Items from a data source:
☆ ☆ ☆

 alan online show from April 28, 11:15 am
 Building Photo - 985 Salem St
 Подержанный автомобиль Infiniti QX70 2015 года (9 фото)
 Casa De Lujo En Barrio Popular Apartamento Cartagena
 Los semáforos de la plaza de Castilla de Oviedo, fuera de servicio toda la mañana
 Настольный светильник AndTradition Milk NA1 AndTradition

☆ ☆ ☆

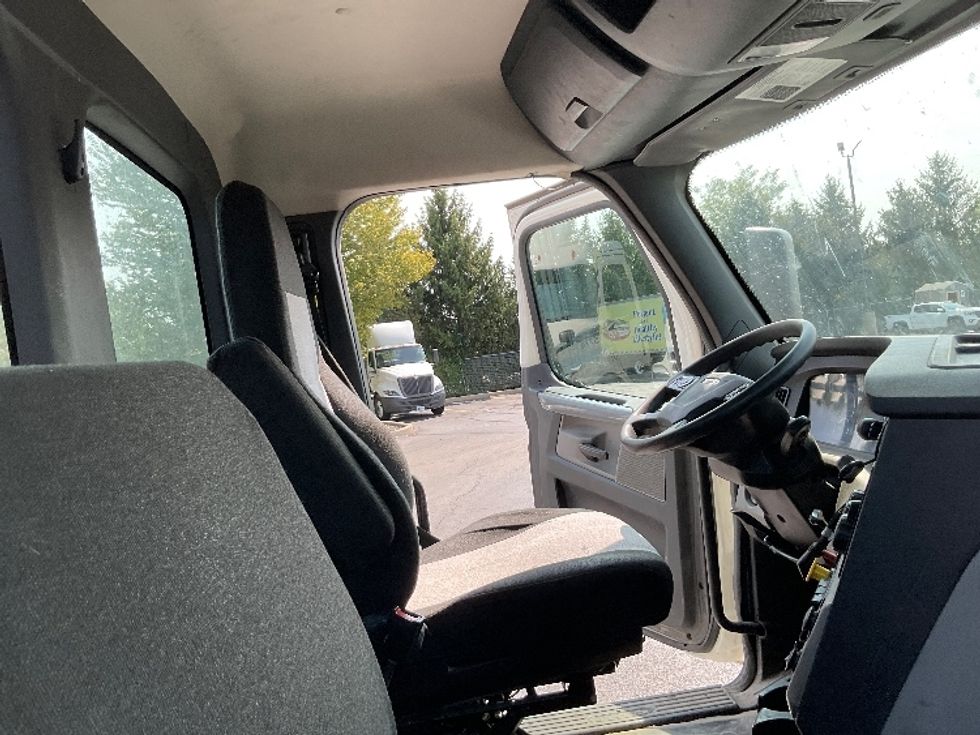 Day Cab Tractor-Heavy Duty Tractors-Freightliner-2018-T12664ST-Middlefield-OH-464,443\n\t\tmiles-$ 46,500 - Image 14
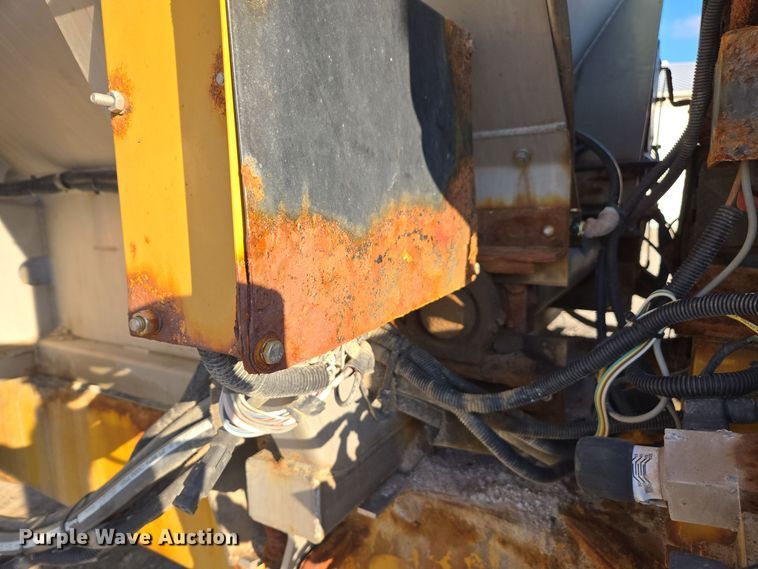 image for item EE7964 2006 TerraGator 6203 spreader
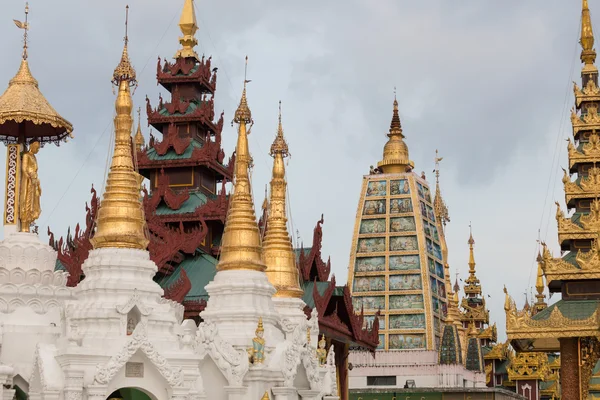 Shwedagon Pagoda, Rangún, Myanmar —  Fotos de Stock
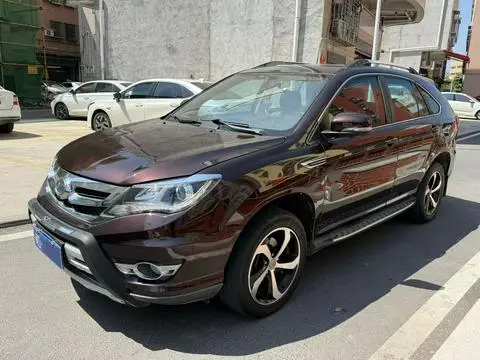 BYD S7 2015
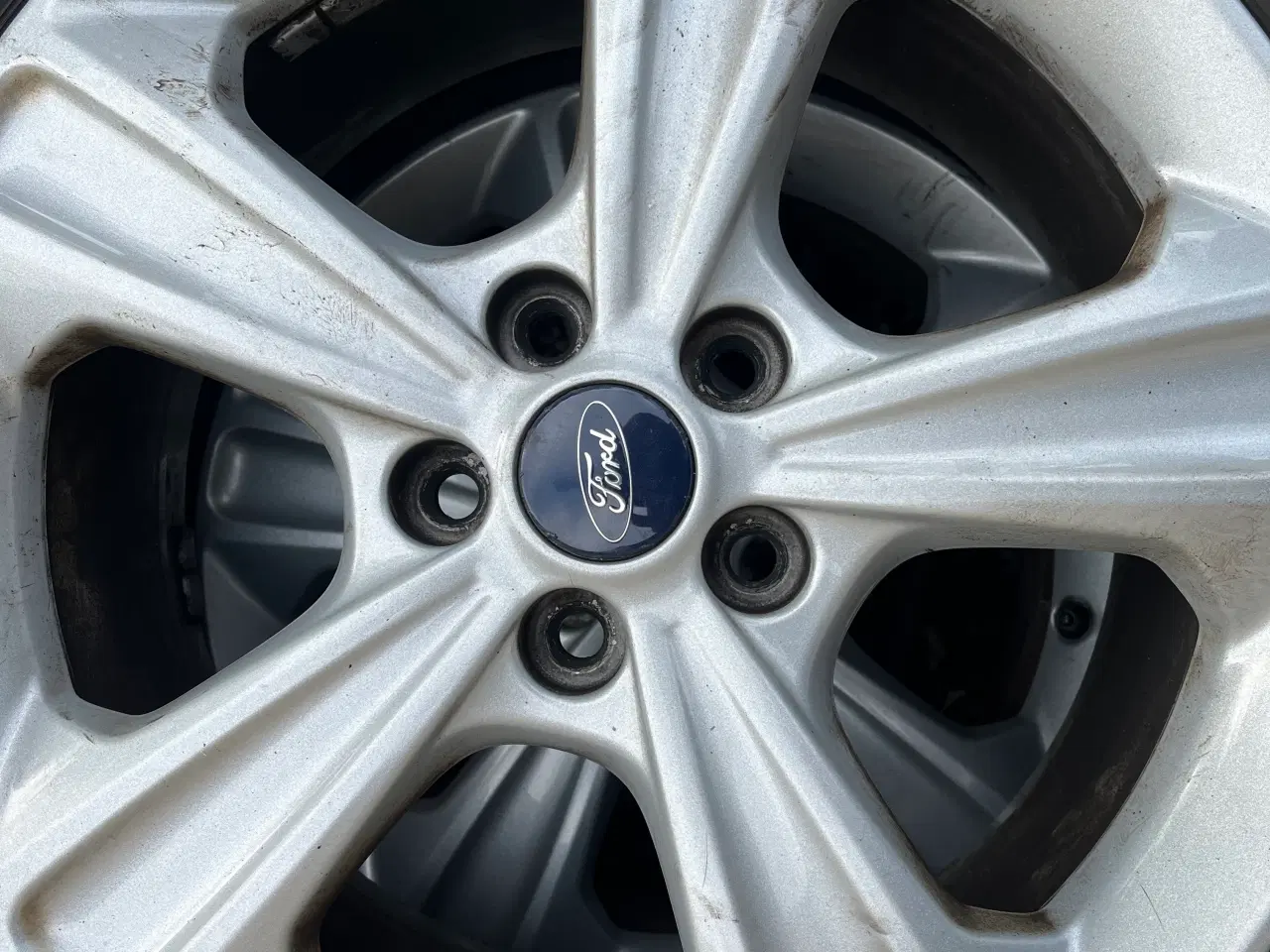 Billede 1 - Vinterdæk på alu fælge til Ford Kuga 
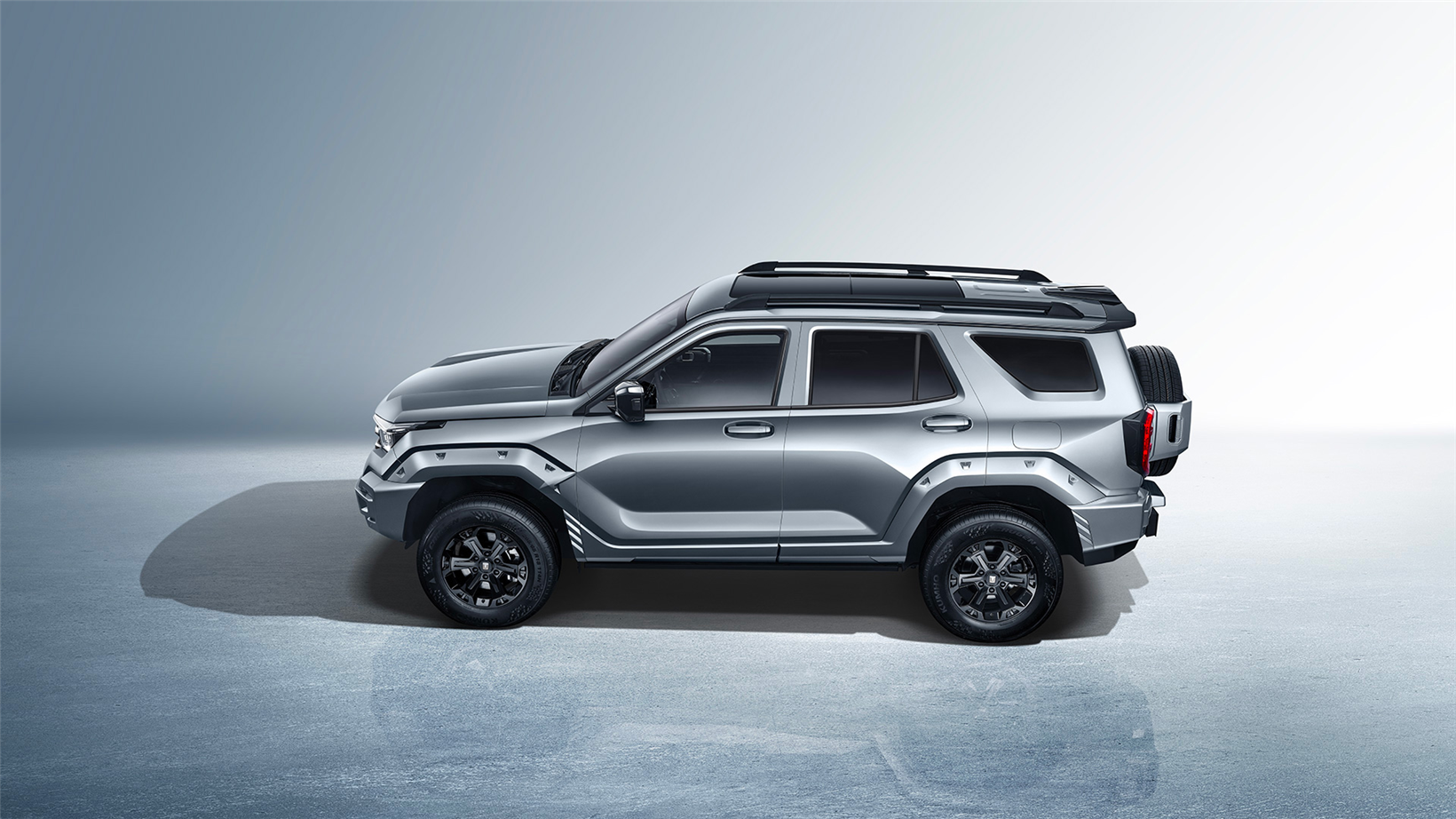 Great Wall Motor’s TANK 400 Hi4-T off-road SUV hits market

☆ ☆ ☆

TASK
Reproduce the records above exactly, but only from the line with "Day Cab Tractor-Heavy" up to and including the line with "Great Wall Motor’s". Leave the pictures out.

TASK ANSWER
 Day Cab Tractor-Heavy Duty Tractors-Freightliner-2018-T12664ST-Middlefield-OH-464,443\n\t\tmiles-$ 46,500 - Image 14
 image for item EE7964 2006 TerraGator 6203 spreader
 Shwedagon Pagoda, Rangún, Myanmar —  Fotos de Stock
 BYD S7 2015
 Billede 1 - Vinterdæk på alu fælge til Ford Kuga 
 Great Wall Motor’s TANK 400 Hi4-T off-road SUV hits market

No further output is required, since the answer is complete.